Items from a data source
++++++++++

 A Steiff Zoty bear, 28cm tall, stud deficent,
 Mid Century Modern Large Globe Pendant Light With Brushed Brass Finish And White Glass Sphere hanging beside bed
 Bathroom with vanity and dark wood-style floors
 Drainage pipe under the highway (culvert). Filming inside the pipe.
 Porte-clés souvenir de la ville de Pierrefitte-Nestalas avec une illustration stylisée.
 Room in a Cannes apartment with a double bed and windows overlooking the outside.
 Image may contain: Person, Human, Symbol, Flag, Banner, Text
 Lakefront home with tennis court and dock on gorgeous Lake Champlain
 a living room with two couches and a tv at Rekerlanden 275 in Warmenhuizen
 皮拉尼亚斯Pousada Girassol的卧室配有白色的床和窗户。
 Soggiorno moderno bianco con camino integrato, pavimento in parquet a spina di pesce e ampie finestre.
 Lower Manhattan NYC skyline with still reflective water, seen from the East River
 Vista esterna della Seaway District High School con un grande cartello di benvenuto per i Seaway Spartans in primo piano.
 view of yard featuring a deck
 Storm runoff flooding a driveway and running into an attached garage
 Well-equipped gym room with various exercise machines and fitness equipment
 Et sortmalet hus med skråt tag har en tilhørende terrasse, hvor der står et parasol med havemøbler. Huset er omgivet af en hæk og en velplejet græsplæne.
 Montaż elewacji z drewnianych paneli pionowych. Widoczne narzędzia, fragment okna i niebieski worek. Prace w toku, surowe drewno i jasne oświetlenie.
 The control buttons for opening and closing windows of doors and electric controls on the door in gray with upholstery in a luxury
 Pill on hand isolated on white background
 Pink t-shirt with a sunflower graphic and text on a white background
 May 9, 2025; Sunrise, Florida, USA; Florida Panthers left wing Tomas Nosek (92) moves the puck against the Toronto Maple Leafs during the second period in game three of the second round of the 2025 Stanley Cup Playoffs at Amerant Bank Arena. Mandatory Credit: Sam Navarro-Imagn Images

++++++++++

Show me every line in the data above that includes "background".

> [Result of this task]:
 Pill on hand isolated on white background
 Pink t-shirt with a sunflower graphic and text on a white background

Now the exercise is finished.